## Dataset records
<<<<
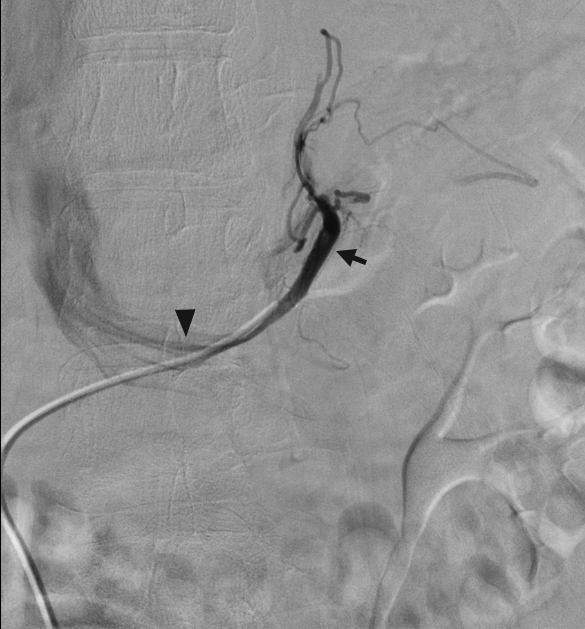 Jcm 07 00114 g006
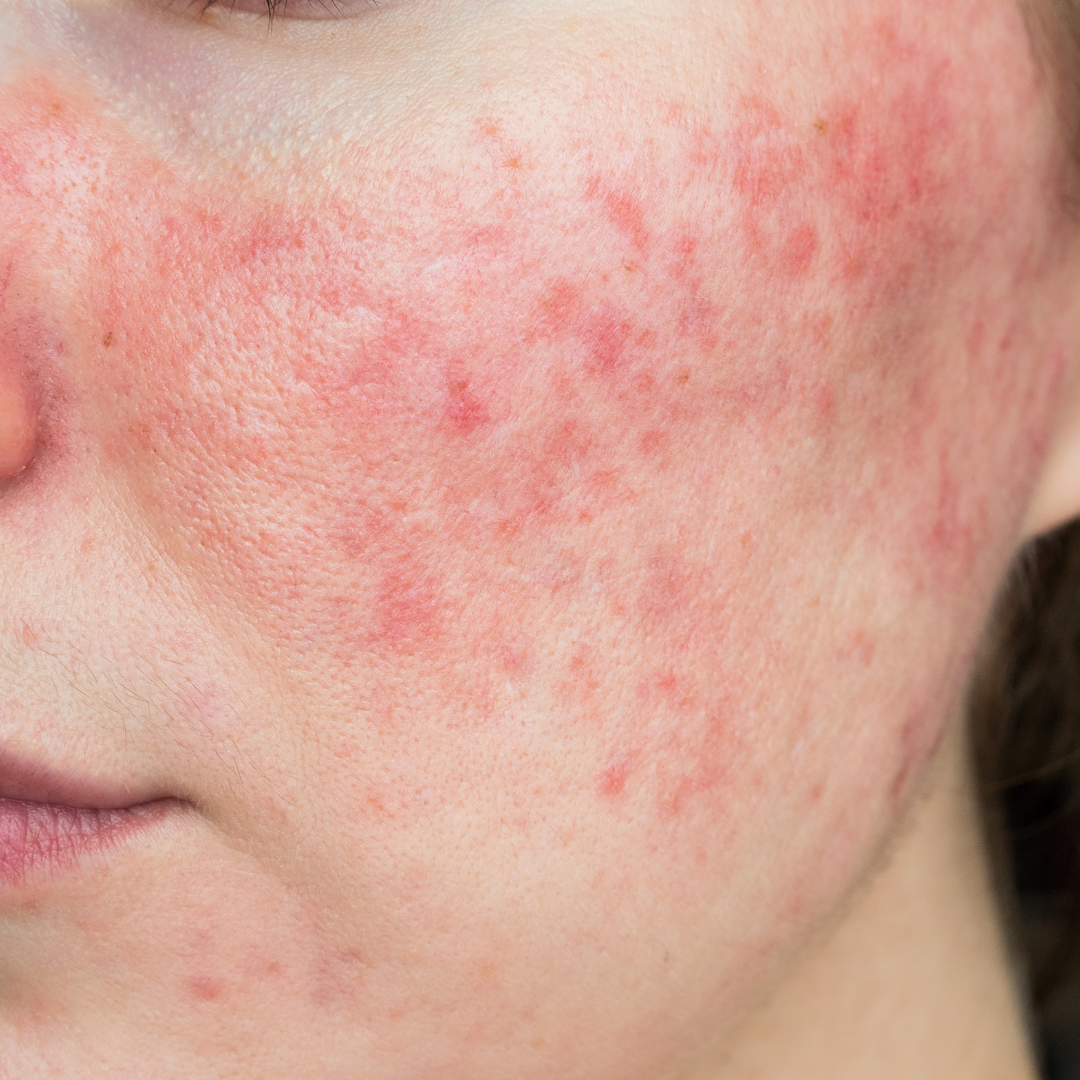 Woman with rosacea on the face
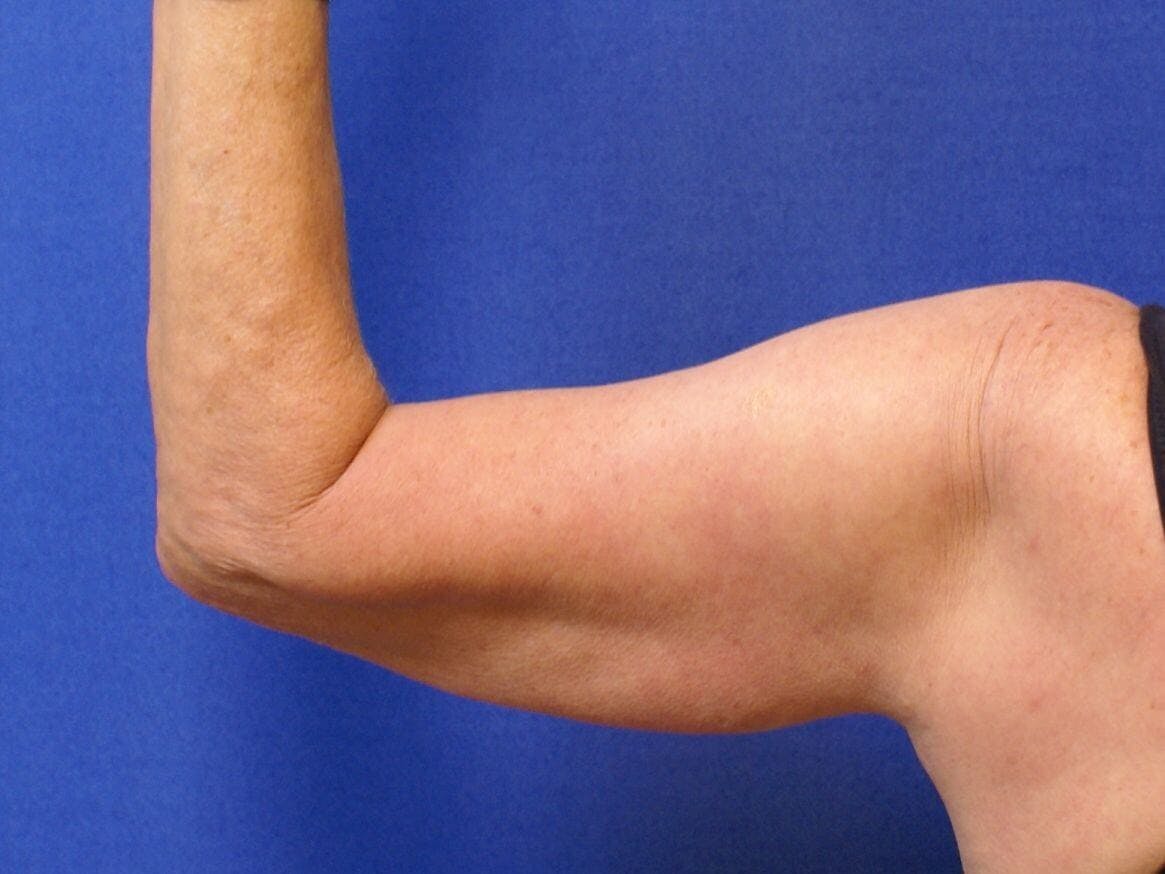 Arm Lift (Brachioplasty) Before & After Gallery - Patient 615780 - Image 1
>>>>
<<<<
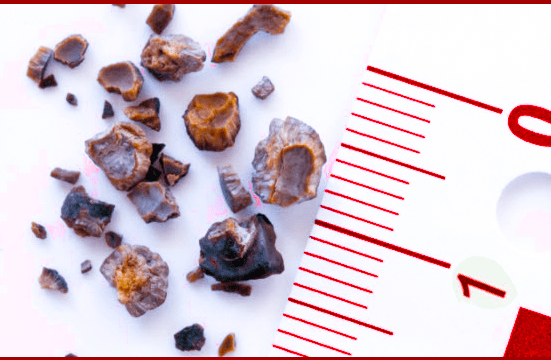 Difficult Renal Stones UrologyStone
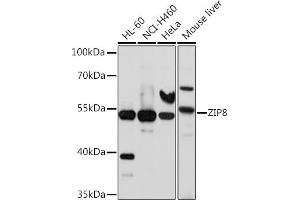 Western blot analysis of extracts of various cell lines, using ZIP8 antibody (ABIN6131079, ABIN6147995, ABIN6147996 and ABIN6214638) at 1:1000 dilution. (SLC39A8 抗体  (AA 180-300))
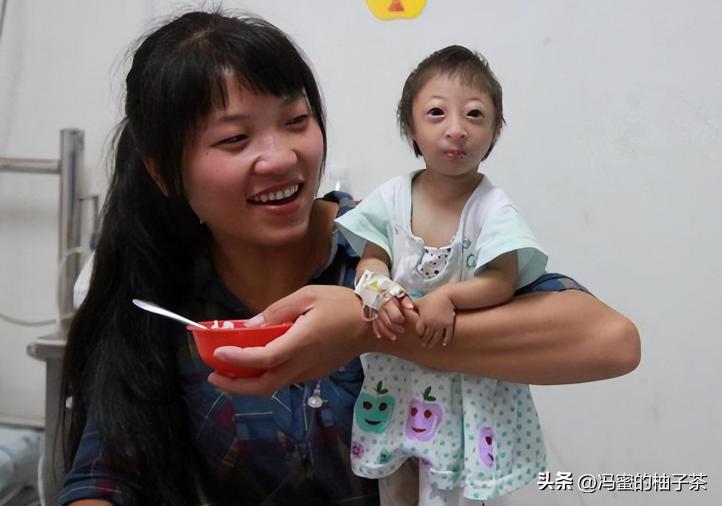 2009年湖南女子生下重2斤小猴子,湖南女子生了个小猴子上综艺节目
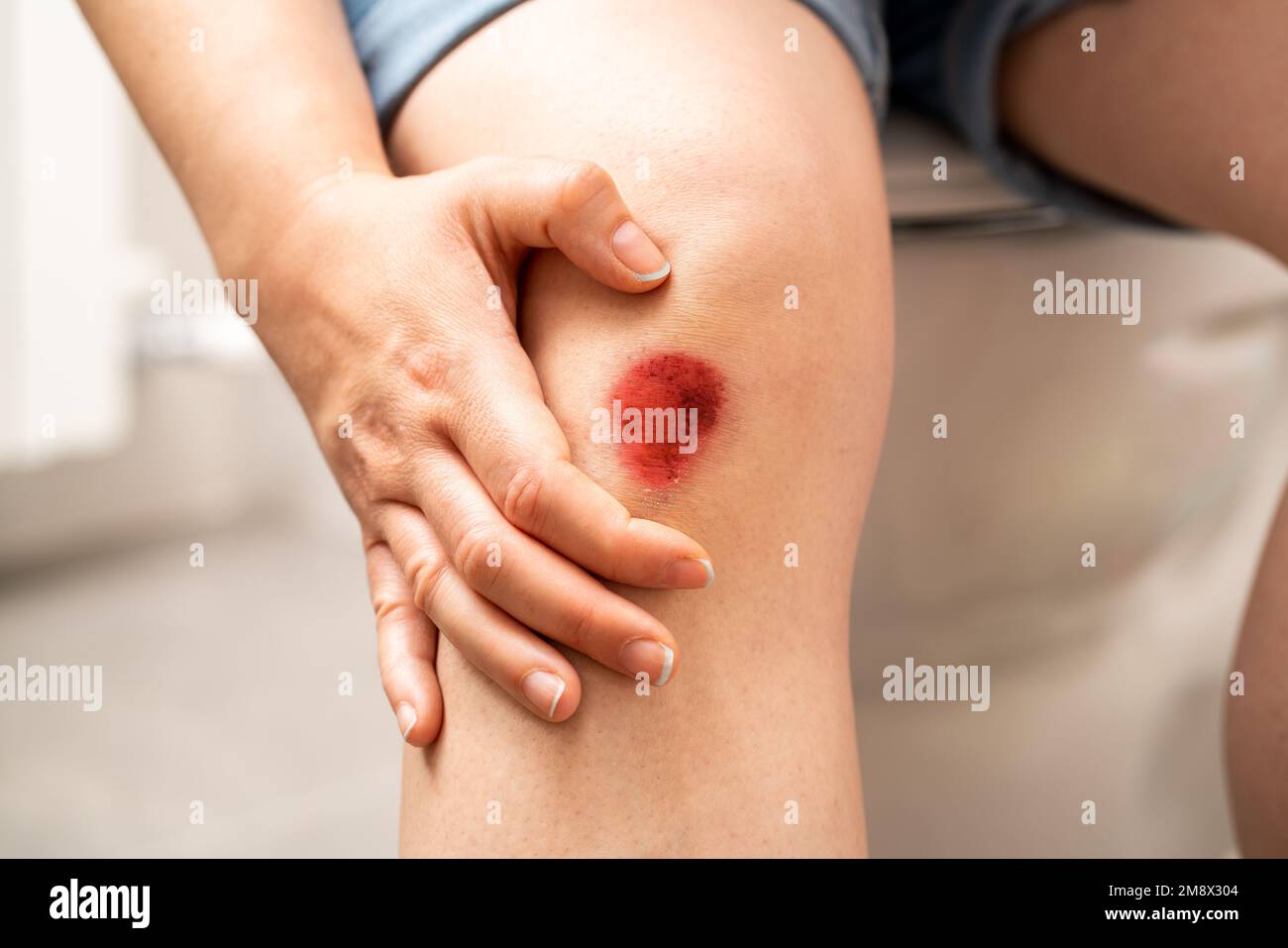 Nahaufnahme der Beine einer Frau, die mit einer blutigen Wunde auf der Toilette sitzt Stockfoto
>>>>
## Exercise directions
Please return the material above only from the line that holds "Jcm 07 00114 g006" through the line that holds "Arm Lift (Brachioplasty)", exactly as it stands, ends included and pictures omitted.

## Completed task
 Jcm 07 00114 g006
 Woman with rosacea on the face
 Arm Lift (Brachioplasty) Before & After Gallery - Patient 615780 - Image 1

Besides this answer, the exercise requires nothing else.